THE DATA.
------

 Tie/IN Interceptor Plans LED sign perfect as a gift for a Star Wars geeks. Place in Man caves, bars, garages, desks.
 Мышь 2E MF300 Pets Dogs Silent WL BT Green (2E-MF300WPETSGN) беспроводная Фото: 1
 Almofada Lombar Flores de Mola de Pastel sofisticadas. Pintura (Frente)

------

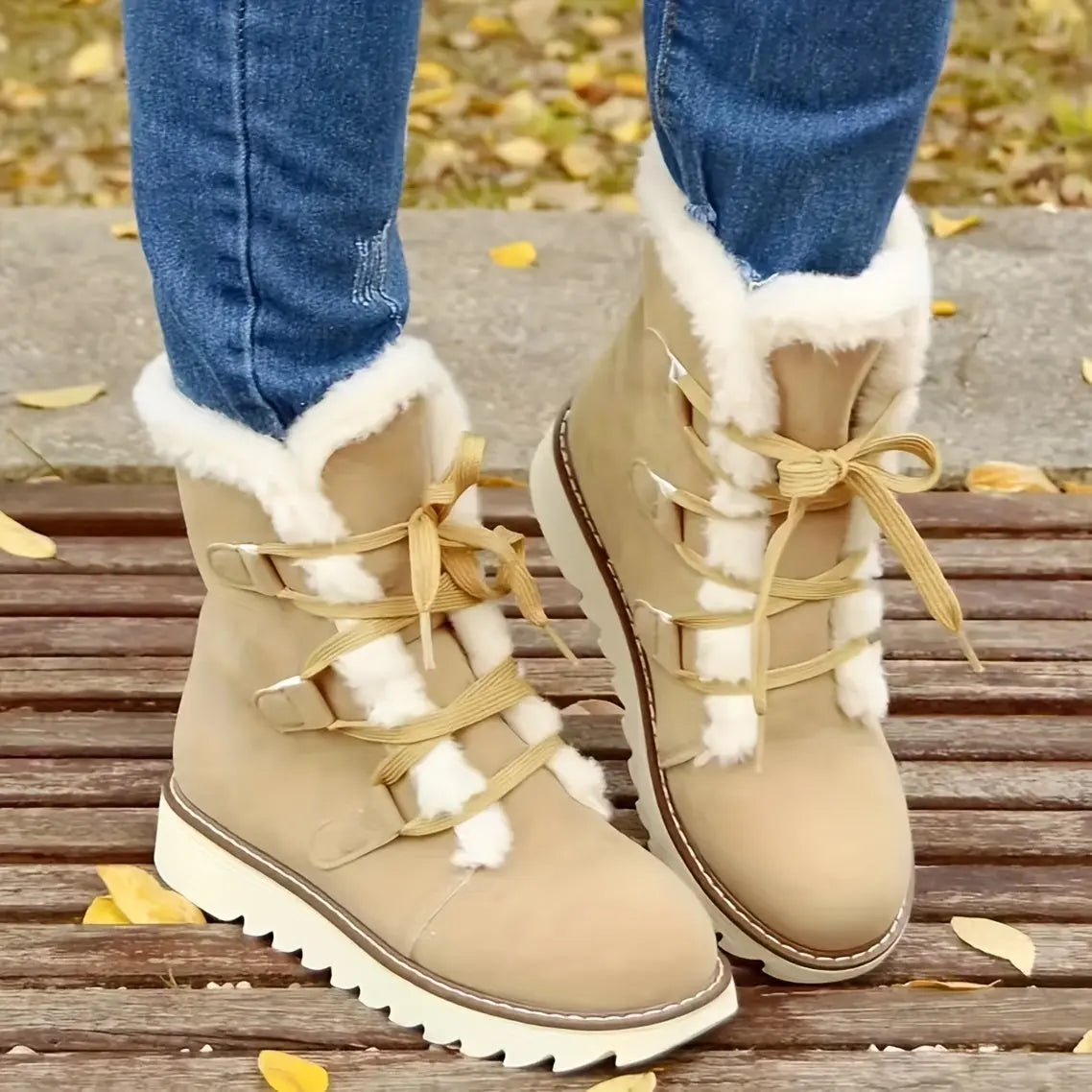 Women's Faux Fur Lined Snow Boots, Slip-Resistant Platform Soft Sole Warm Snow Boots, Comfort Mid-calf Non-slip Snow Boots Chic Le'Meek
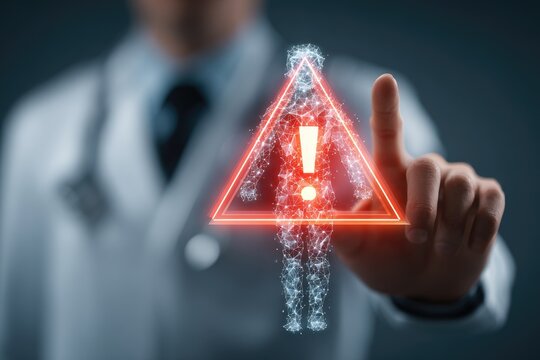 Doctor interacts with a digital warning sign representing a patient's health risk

------

ASSIGNED TASK. All that is wanted is the stretch of lines above from the one containing "Tie/IN Interceptor Plans" through the one containing "Almofada Lombar Flores", duplicated exactly.

ANSWER TO THIS EXERCISE.
 Tie/IN Interceptor Plans LED sign perfect as a gift for a Star Wars geeks. Place in Man caves, bars, garages, desks.
 Мышь 2E MF300 Pets Dogs Silent WL BT Green (2E-MF300WPETSGN) беспроводная Фото: 1
 Almofada Lombar Flores de Mola de Pastel sofisticadas. Pintura (Frente)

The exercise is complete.